Potato Bug Packs a Punch; Math Student Fights Back with Numbers

Senior Karissa Smith’s distinguished honors research paper weaves differential equations with biological data to examine what happens when plant diversity increases or decreases. The results just might help alfalfa farmers fend off pesky (and ravenous) insects and fight a million-dollar agriculture problem.

Her research was supervised by Mohammed Yahdi, assoicate professor of Math and chair of the Math department. Smith used data from the Ursinus Biology Department and Cory Straub, assistant professor of Biology, who has been researching ways to reduce the damage done to the plant, alfalfa, by the pest, Potato Leaf Hoppers (PLH).

“This damage costs farmers millions of dollars each year,” says Smith. “The research tests the enemies’ hypothesis. A predator insect, Nabis, is introduced to the system to control the Potato Leaf Hopper population and plant diversity was also tested.”

Her paper, Modeling the Effect of Diversity in Host Plant-Herbivore-Predator Interactions , a Summer Fellows project, was accepted this fall for presentation. She was awarded funding from the National Institute for Mathematical & Biological Synthesis (NIMBioS) to attend the Research Conference at the Interface of Biology and Mathematics at NIMBioS.

Last month, the same project was an Outstanding Presentation award winner, placing among the top poster presentations at the 2012 Joint Mathematics Meetings MAA (Mathematical Association of America) Undergraduate Poster Session. The research used an enclosure field experiment that had four different types of plots: monoculture, meaning containing only alfalfa, with the predator, and without the predator, polyculture, meaning containing half alfalfa and half orchard grass, with and without the predator. Smith created a system of differential equations using information from literature about similar experiments and new mathematical approaches.
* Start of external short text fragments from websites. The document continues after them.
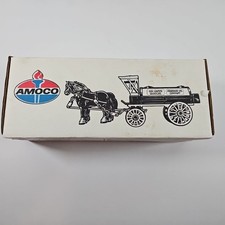 Vintage 1990 ERTL Amoco Red Crown Gasoline Horse Drawn Tank Wagon Bank 9563 NIB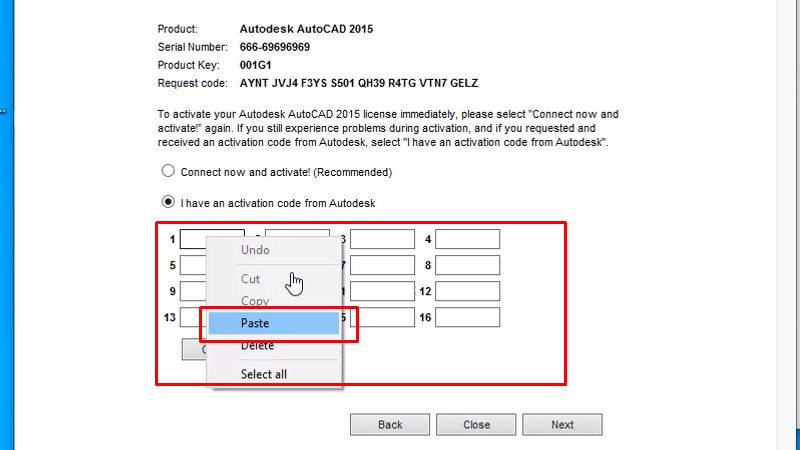 Autocad 2015: Xem video cài đặt thành công 32 Paste vào ô số 1 như hình
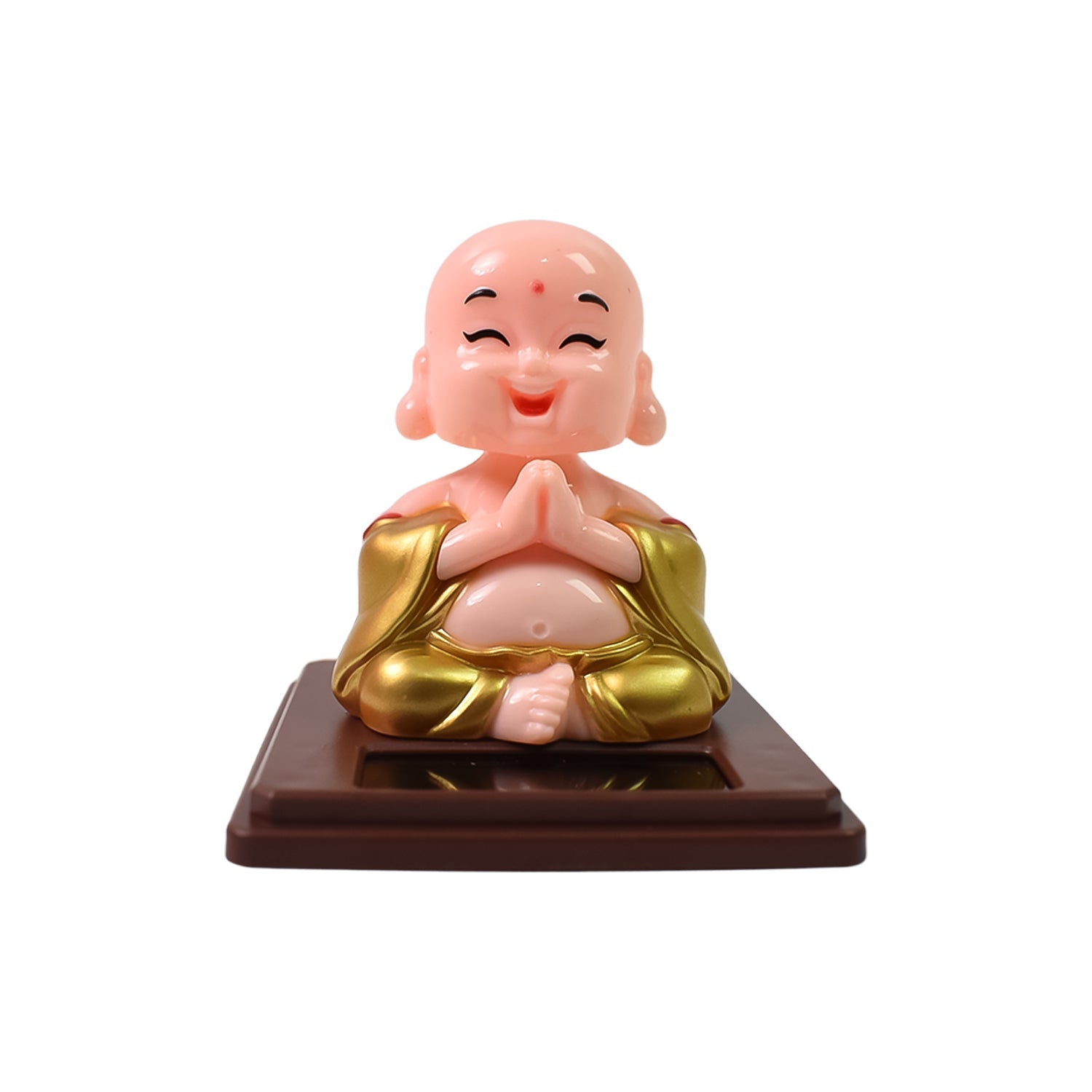 Solar Power Moving Head Buddha Statue Car Ornament (1 Pc / Mix Color)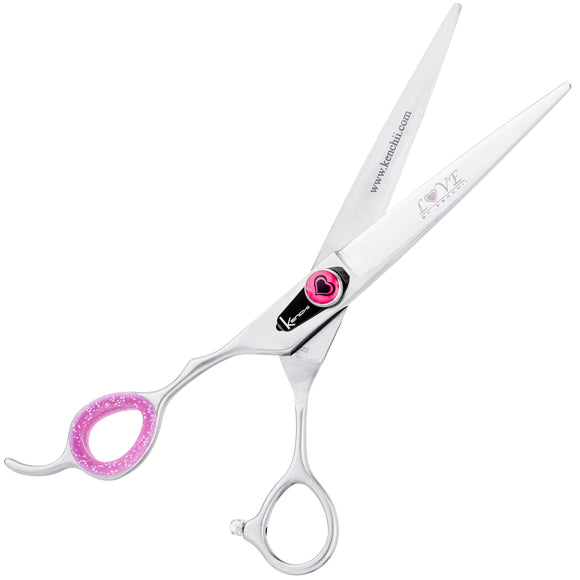 Kenchii Love Lefty Straight Scissors – 7" Professional Left-Handed Grooming Shears with Ergonomic Handle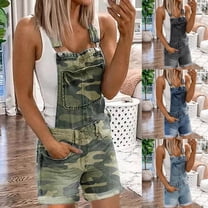 Brnmxoke Women's Summer Short Overalls Adjustable Camo Denim Bib Overall Shorts Romper Jumpsuits Loose Beach Outfits Travel Vacation Clothes Gray,S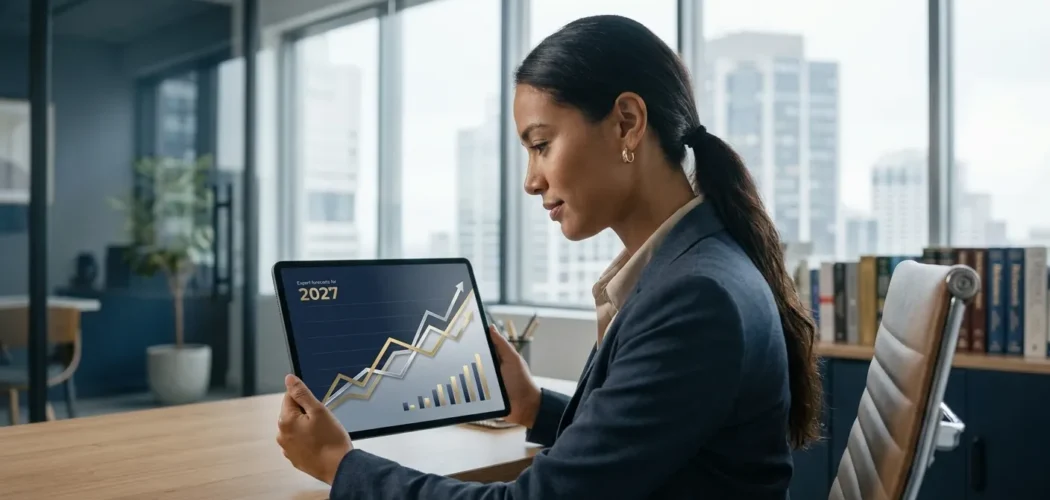Silver Price Gold: Professional woman analyzing expert gold and silver price forecast for 2027 on a tablet, showing upward tr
The three variables were the abundance of PLH, the abundance of Nabis, and the damage caused to alfalfa by PLH.

“Using the data, we found many parameters that measure the level interactions in the system, such as birth, consumption and damage rates,” says Smith. “Then I ran different simulations to find starting points for the parameters in the equations. I was able to get these models to match the graphs that were based on the data, and incorporate the roles of plant diversity and the abundance of predators.”

Smith’s student partner, senior Allison Bugenis, worked with the 2011 data that used an open field experiment, getting similar results. Smith used this model to find ideal conditions.  “I found that a polyculture plot of 80 percent alfalfa with a predator present is ideal for farming alfalfa,” says Smith, who worked about forty hours a week for this Summer Fellows project. This included meetings with Professor Yahdi and Professor Straub. During both semesters, she worked a few hours a week doing more analysis on the model and fixing problems she didn’t initially see.
Success and Surprise

“I honestly didn’t think the model would work so well so quickly,” says Smith, who is planning to attend graduate school in the fall. “I knew there were a lot of ‘tricks’ to mathematical modeling, especially with ecological systems, but I still expected to face more failures than I did. The model matches well with the experimental data, despite needing to exclude some factors due to lack of information.”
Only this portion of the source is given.